After waiting nearly a half hour for the bus which never came, the woman asked me to find her a cab to Jerusalem, and said that if I wanted, I could join for free. I figured, why not – it can’t be harder to get home from Jerusalem, and at least I wouldn’t have to stand around for the next train.
Two blocks into the ride, the cabbie was kind enough to let us know that he needed to stop for gas (a phenomenon that I don’t think would fly very well in the US). As he’s filling up, the woman starts to chat. “I’m from Jerusalem,” she says, “but now I live in Tribeca.”
“So nice,” I reply. “If you’re from Jerusalem, why don’t you speak Hebrew?”

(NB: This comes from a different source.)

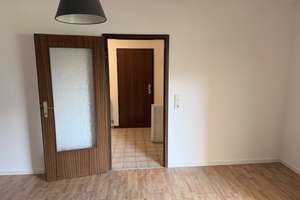 Großes 1,5-Zimmer Studenten-Apartment mit Balkon in Mannheim-Lindenhof, – Meerfeldstr. 11, 68163 Lindenhof, Mannheim – Vorschaubild 6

“That’s because I’m a Palestinian.”
Well, that’s a bit of a conversation stopper.
We drive along, while the cabbie continually texts and checks his phone. Suddenly, it rings, and he answers it on speaker, chatting amiably in Arabic as he drives along Highway 1. And suddenly I realize I’ve been the heavily-accented American immigrant serving as a translator between 2 Arabs, one of whom doesn’t speak English, the other whom doesn’t speak Hebrew, while they both speak fluent Arabic.
Does anyone else find that ironic?!
The story ends with the woman saying that since he’s an Arab, he might as well take her directly to Ramallah, so they dropped me off and continued on their merry way. I continued on mine, so that by the time I got home 3.5 hours after I left the office, I’d taken 2 trains, a cab, a bus and a hitchhike, while walking the remaining few blocks by foot.
For those of you going stir-crazy locked in the house after Hurricane Sandy, I hope you can live vicariously through my misadventures.